– Это вряд ли, – признался Кессель.
Первого марта Бруно распростился с пансионом «Аврора» и занял две комнаты в квартире за магазином, оклеенные желтыми обоями. Мебель Бруно подбирал себе сам, добросовестно стараясь не выходить за рамки сметы – впрочем, запросы у него были достаточно скромные и, кроме того, одно его появление плюс непоколебимое спокойствие при любых попытках торговаться обычно обеспечивало ему весьма солидную скидку (Кессель целых несколько дней с опаской наблюдал за каждодневной выгрузкой мебели и успокоился, лишь окончательно убедившись, что комода среди нее нет). Именно Бруно нашел потом и Кесселю новую квартиру на Везерштрассе. Это был очередной пансион, и мебель там опять была хуже некуда, но Кессель был доволен: во-первых, не нужно было ничего покупать, а во-вторых, ему не грозило возвращение комода.
В новой квартире Кесселю принадлежал только один предмет, который при всем желании трудно было назвать мебелью: это был большой черный барабан. Он был со всех сторон обтянут лакированной кожей и, очевидно, принадлежал в свое время какому-то славному полку. Бруно подарил его Кесселю на новоселье.

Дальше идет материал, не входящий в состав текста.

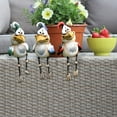 thumbnail image 3 of SDJMa Garden Statue Birds Decor - Resin Bird Sparrow with Jittery Legs, Resin Bird Sparrow, Fun Colorful Garden Plug Edge Chair Garden Decoration, Bird Toys, Bird Theme Decor for Garden, 3 of 9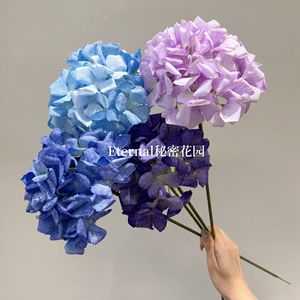Ramo Individual de Hortensias Artificiales Secret Garden, Flor de Seda Teñida a Mano con Relieve, Decoraciones para Bodas - Product Image 2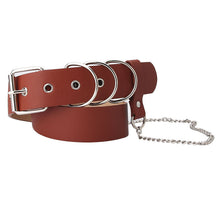 Load image into Gallery viewer, Women's Belt Personality Trendy Chain Decoration Air-Eye Overalls Fashion Belt
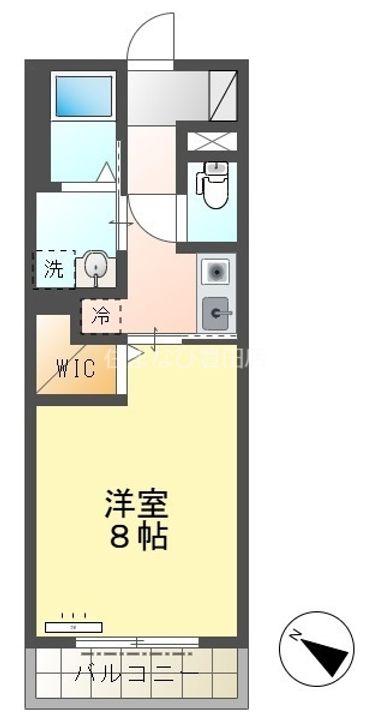 スカイパラスⅢ105の間取り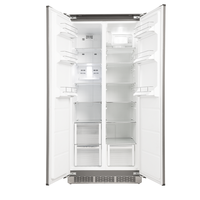 Réfrigérateur encastrable 400L côte à côte 806mm No Frost Grade 1 Inverter R600a Écran LED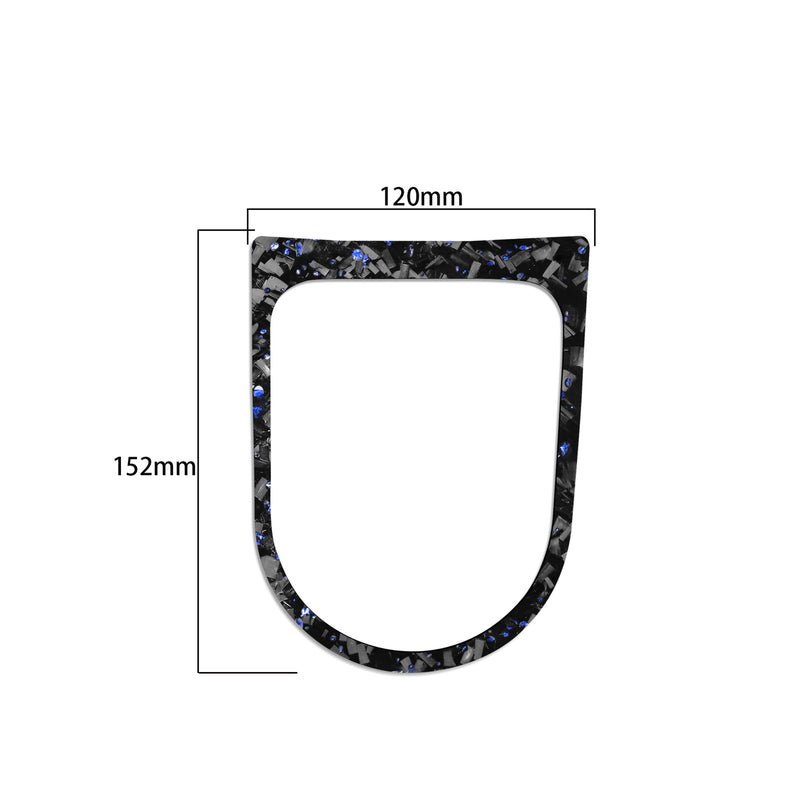 WXZOS Genuine Carbon Fiber Gear Shift Lever Panel Trim for Ford Mustang 2015-2020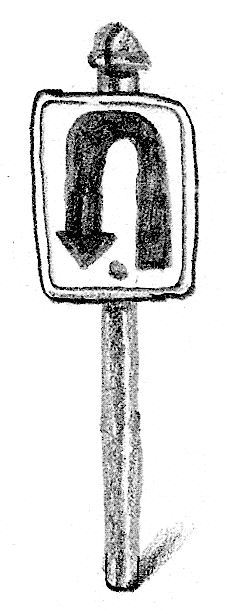 A U-Turn sign.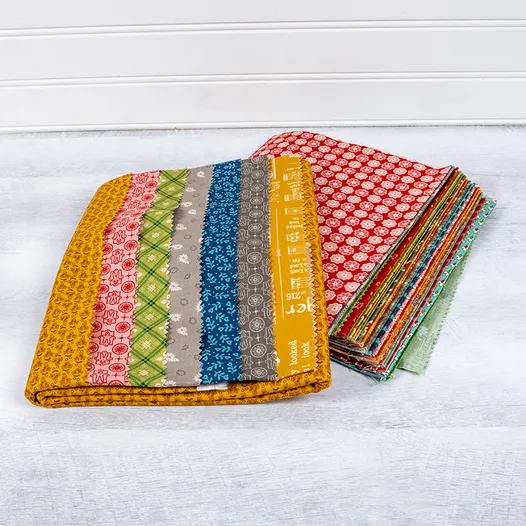 Let's Make a Snowman Sew Along Quilt Kit Featuring Home Town Holiday by Lori Holt - Image 4
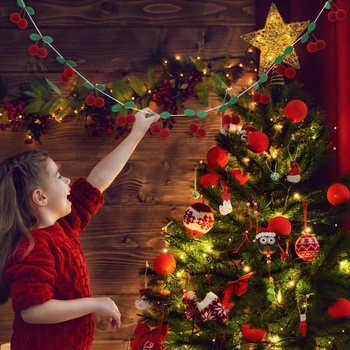 Toddmomy umělé voskovky dekorativní ovocný řetězec závěsná fotorekvizita s bavlněným řetězem pro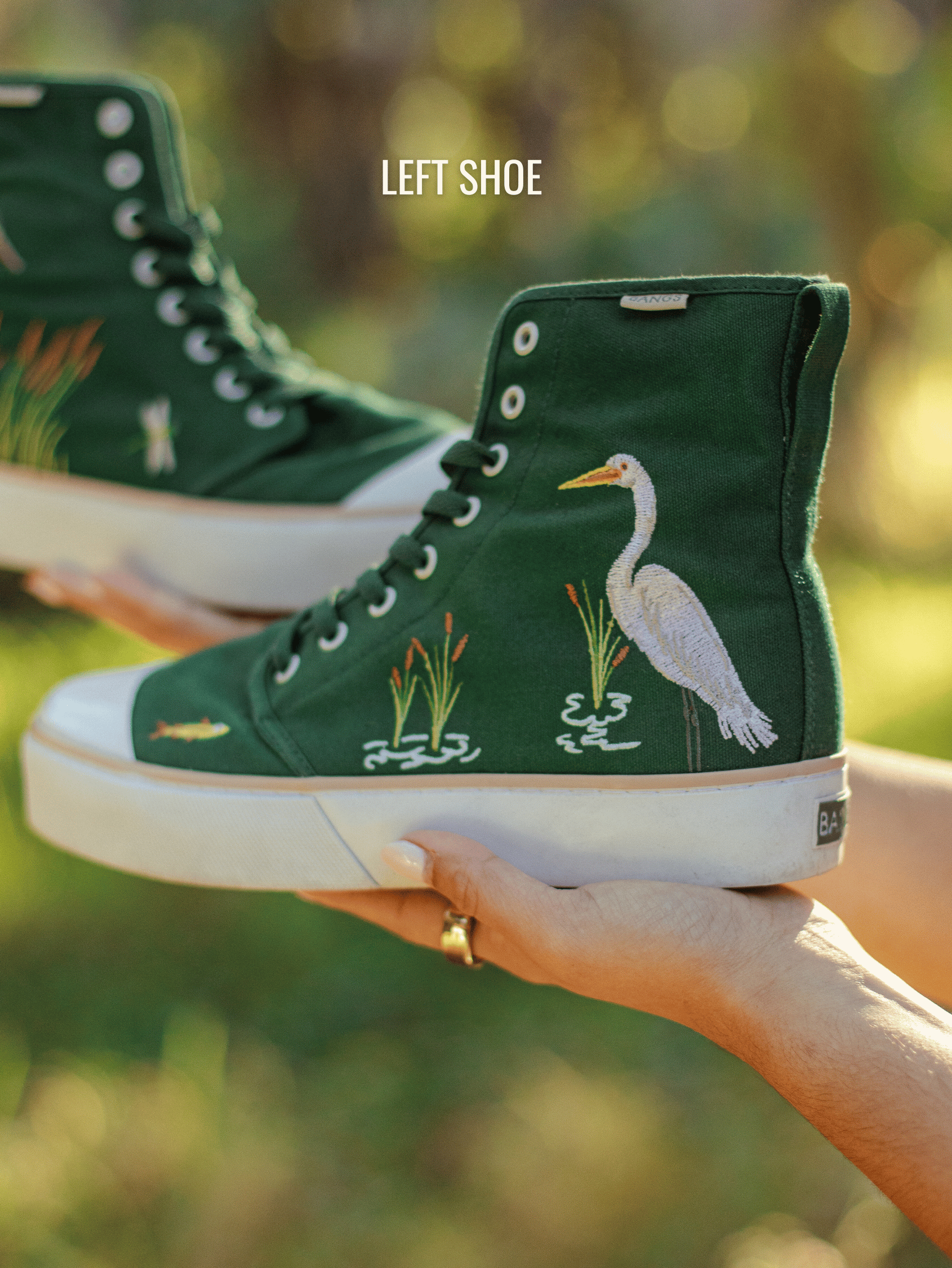 bangs succulent shoes Wetland Greats Platform High Top Mens 5 | Womens 6.5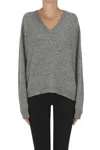 Roberto Collina V-neckline Pullover In Gray
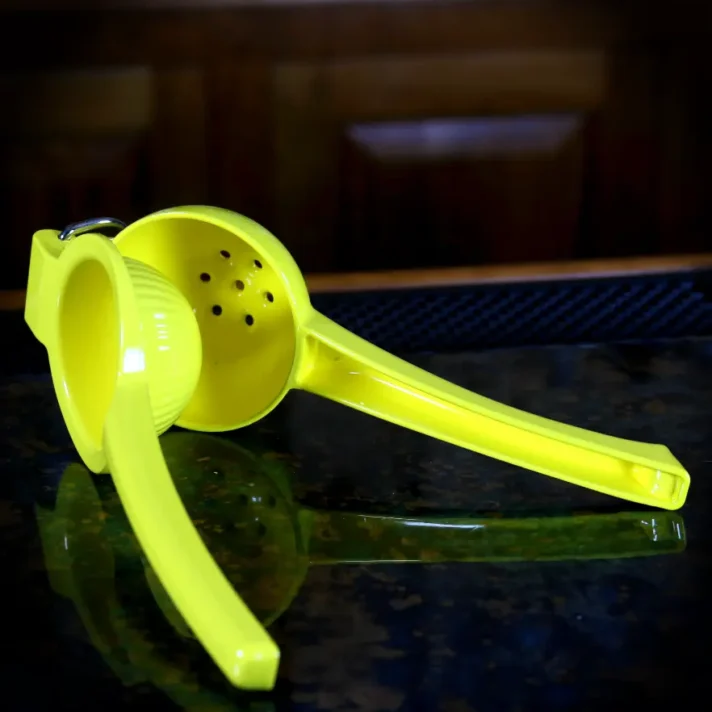 Yellow Enameled Lemon Squeezer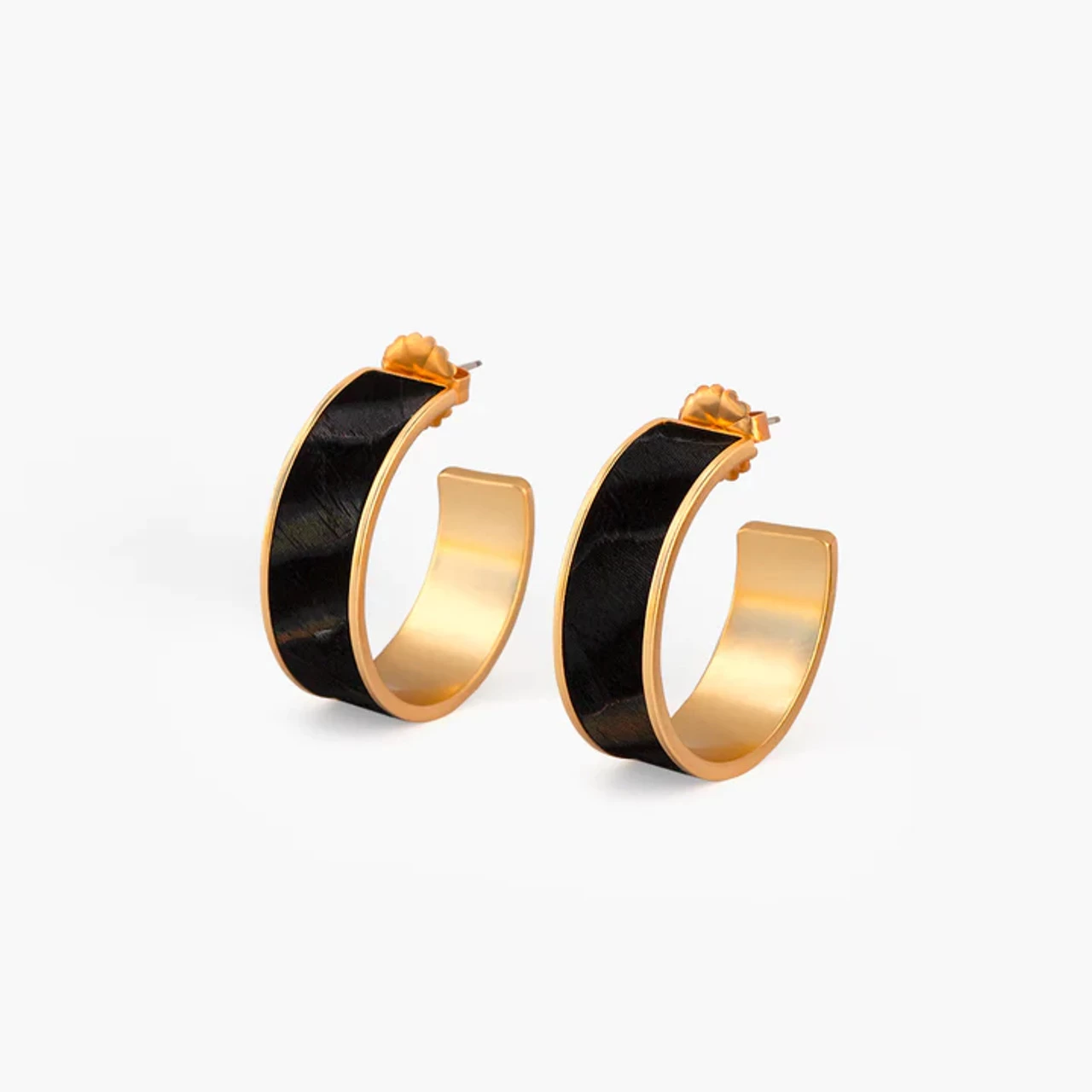Brackish Hoop Earring: Drift 1 Brackish Hoop Earring: Drift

– М-м, спасибо, – сказал тогда Кессель. – А что я с ним буду делать?
– Ну, – сказал Бруно, – его можно использовать вместо тумбочки.
Отцепив велосипед от столбика, Кессель пощупал шины: надо бы подкачать, подумал он. Он посмотрел на свою руку: пальцы после прикосновения к шинам были черными и жирными. Кессель принадлежал к людям, которые терпеть не могут, когда у них грязные руки. Мало того: до тех пор, пока ему не удавалось их вымыть, он нервничал, выходил из себя и ссорился с лучшими друзьями. Хотя грязные пальцы он, конечно, еще мог вытерпеть. Но ладони… Скалолазание, говорил Альбин Кессель своему брату Леонарду, одно время увлекавшемуся альпинизмом и пытавшемуся уговорить его поехать с ним в Альпы, меня не прельщает. Скалы-то грязные. Нет, я ничего не имею против альпинизма, но на этих ваших горах весь перемажешься. А воду туда так до сих пор и не провели. Так что извини, говорил Кессель, но для меня это слишком негигиенично.
– Возьми с собой дюжину гигиенических салфеток, какие подают в любом ресторане, когда закажешь курицу, – советовал Леонард.
– Нет, салфетки – это не то. Они мне тоже не помогут. Мне нужна вода, и желательно горячая. Из-под крана. И мыло. И еще полотенце.
– Вот этого я уж никак не понимаю, – возмущался Леонард.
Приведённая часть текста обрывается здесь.